Why are we so bad at understanding risk? “Think of 9/11. After the attack many Americans didn’t fly. For 12 months after the attack the number of miles driven increased up to five per cent.” As a result, he says, around 1,600 more people lost their lives on the road, believing they were doing the sensible thing. He calls this “Dread Risk” – anxiety caused by situations where many people die suddenly. It’s understandable, but not sensible.
And there are cultural differences, too – “Take Christmas,” says Gigerenzer, who worked in the USA for many years. “In Germany we couldn’t think of something more lovely and peaceful than a real Christmas tree illuminated with wax candles. My American friends got into hysterics, seeing the tree in flames – and the house.”
But that same Christmas, one of Gigerenzer’s American friends proudly showed him the gift that he’d bought for his 16-year-old son. “It was a Winchester rifle. So, you can see the differences in what cultures fear.”
I’ve had my less sensible moments – a mixture of wine and high heels once led me to lie in a gutter singing – and no one can pretend that a freelance career in media is wise. In my defence it is plan B. Plan A was to act but I realised early on I just wasn’t good
enough. Or was that just a way of avoiding the scary risk? Anyway, as media goes, I’m at the sensible end; I present on Radio 4 and on BBC1’s Countryfile. It’s not Love Island… My parents are retired but were both librarians. Surely the epitome of a sensible job? On a glorious summer’s day, producer Chris Ledgard and I went to Birmingham to test the theory.

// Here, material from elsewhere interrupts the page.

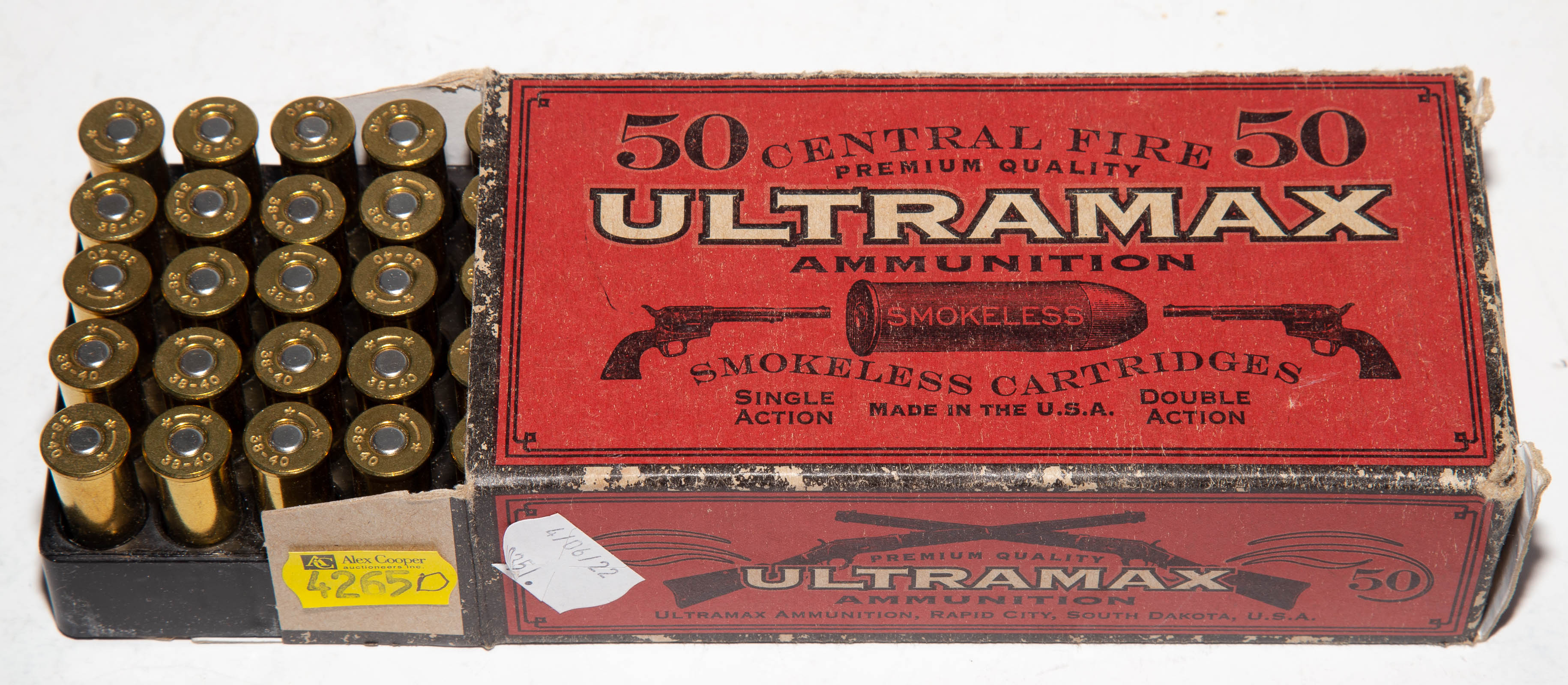 Appraisal: VINTAGE COMPLETE BOX OF ULTRAMAX S Box of central fire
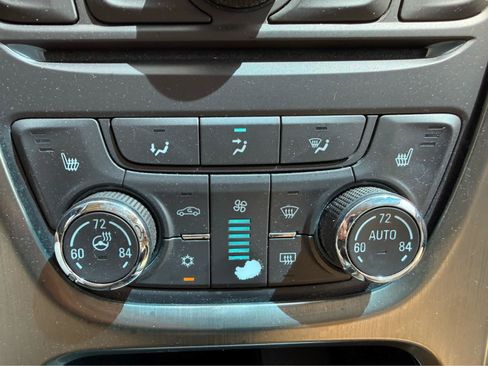 Used 2012 Buick Verano Leather FWD image 26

I took a hat, Chris didn’t.
Joe Crowley, Charlotte Smith, Steve Brown, Sean Fletcher, John Craven, Anita Rani, Tom Heap, Matt Baker, Helen Skelton, Margherita Taylor, Ellie Harrison, Adam Henson – (C) BBC Studios – Photographer: Pete Dadds
“I’ve been known to go to work in my pyjamas.I’ve worn a headband with pink pompoms. I’ve taken my teddy bear,” says Allie, who works in Bridgend library and isn’t quite what I was expecting. In the baking sun on a terrace at Birmingham’s central library I chat to her and Gill and Liz, two other librarians free of stereo- typical half-moon glasses.
But I’m among friends – modern, sensible women. And Liz is happy to embrace the word. “We work really well under pressure, with the unpredictable, we try to be prepared… I’m the sensible friend, and perhaps a lot of librarians are.”
“We’re very useful for signing passport forms,” adds Gill, to much laughter. It seems that Allie, Liz, Gill and I are the vanguard of a new trend. Various surveys show that young people are less likely to smoke, drink, get pregnant or break the law – sensible! But not cool? The words that keep coming up – organised, prepared, punctual, reliable… Oh God, am I really this tedious?
This past year I’ve tried to say yes when every sensible fibre of my sensible being is screaming NO! It’s not been comfortable. I’ve attempted to sing and dance on Children in Need as part of Countryfile Does Country. I’ve tossed a caber. I’ve… well, now I can’t think of another example. I’m trying to be more like the brave, dynamic types I admire, to be spontaneous, unpredictable, but not, to be honest, late. That’s just rude.
Charlotte Smith is sensible, but I’m working on it.